The stretch wanted below opens at the line containing "PinaySkinnyGirl Adlı Modelin" and closes at the line containing "Отель Summerfield Luxury". Please return it exactly, with no other lines.

── Data listing

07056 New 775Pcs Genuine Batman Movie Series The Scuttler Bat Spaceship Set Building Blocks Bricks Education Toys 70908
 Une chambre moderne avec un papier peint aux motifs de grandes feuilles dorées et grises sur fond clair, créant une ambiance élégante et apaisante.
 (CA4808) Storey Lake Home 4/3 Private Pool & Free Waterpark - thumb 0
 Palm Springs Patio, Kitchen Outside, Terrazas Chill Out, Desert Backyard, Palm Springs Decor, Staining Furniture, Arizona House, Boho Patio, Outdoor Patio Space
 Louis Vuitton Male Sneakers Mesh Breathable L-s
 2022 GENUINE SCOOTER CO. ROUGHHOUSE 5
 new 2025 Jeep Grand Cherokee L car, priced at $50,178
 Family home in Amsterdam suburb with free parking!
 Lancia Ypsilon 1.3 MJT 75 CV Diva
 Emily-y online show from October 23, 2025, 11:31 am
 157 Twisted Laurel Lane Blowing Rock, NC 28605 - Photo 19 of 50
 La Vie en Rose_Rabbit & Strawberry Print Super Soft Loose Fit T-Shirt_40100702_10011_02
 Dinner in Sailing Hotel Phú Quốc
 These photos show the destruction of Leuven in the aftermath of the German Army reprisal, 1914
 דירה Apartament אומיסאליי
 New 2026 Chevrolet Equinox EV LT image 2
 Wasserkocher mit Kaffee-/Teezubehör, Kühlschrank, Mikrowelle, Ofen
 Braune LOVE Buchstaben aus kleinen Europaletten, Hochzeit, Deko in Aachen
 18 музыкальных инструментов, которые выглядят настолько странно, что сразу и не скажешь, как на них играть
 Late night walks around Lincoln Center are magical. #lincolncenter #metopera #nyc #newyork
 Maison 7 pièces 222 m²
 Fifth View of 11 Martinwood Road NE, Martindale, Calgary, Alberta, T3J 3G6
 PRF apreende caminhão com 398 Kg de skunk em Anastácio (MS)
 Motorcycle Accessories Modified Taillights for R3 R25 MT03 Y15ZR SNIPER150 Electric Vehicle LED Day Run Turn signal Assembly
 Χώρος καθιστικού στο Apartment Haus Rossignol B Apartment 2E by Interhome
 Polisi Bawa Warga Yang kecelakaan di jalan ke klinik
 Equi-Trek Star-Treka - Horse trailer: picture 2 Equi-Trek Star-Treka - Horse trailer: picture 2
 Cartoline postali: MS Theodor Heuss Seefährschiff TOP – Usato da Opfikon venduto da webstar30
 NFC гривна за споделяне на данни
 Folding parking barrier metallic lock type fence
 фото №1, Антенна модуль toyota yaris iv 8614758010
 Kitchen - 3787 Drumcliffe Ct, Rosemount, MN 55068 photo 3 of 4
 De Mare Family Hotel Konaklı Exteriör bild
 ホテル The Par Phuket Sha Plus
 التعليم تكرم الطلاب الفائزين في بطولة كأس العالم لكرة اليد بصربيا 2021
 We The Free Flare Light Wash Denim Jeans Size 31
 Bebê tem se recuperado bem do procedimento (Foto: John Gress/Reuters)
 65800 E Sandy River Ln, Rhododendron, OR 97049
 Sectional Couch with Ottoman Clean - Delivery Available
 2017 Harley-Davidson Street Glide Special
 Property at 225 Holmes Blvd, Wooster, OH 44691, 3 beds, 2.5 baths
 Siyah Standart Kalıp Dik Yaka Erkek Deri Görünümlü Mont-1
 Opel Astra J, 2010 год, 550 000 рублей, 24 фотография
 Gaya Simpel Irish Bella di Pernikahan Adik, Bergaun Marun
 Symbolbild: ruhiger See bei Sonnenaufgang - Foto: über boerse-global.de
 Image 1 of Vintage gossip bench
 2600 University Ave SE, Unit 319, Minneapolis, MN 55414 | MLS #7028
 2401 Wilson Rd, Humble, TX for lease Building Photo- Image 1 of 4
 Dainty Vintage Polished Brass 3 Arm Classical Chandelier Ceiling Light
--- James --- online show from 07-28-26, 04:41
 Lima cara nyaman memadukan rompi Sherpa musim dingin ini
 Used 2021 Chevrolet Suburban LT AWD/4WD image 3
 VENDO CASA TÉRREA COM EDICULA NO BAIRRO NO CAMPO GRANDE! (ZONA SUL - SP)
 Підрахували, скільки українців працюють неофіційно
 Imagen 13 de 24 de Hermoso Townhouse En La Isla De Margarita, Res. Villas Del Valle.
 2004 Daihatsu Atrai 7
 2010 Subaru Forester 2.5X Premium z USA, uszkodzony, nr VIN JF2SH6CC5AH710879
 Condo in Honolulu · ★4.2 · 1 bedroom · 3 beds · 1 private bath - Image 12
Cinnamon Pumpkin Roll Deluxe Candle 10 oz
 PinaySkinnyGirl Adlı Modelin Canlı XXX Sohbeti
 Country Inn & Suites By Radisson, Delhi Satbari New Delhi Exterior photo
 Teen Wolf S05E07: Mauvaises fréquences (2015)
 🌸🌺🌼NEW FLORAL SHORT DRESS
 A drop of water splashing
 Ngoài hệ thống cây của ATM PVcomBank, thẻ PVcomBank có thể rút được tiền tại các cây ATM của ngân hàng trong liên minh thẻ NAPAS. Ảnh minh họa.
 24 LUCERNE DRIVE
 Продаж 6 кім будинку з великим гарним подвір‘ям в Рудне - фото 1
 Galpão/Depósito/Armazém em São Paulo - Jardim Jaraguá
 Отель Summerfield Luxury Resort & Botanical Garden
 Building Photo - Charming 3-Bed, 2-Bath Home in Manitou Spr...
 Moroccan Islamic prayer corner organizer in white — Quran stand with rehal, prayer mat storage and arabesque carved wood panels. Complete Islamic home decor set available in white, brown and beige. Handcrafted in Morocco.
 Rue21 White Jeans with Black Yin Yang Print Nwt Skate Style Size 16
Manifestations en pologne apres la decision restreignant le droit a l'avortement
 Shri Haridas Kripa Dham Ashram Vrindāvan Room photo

────

● **Response box**:
 PinaySkinnyGirl Adlı Modelin Canlı XXX Sohbeti
 Country Inn & Suites By Radisson, Delhi Satbari New Delhi Exterior photo
 Teen Wolf S05E07: Mauvaises fréquences (2015)
 🌸🌺🌼NEW FLORAL SHORT DRESS
 A drop of water splashing
 Ngoài hệ thống cây của ATM PVcomBank, thẻ PVcomBank có thể rút được tiền tại các cây ATM của ngân hàng trong liên minh thẻ NAPAS. Ảnh minh họa.
 24 LUCERNE DRIVE
 Продаж 6 кім будинку з великим гарним подвір‘ям в Рудне - фото 1
 Galpão/Depósito/Armazém em São Paulo - Jardim Jaraguá
 Отель Summerfield Luxury Resort & Botanical Garden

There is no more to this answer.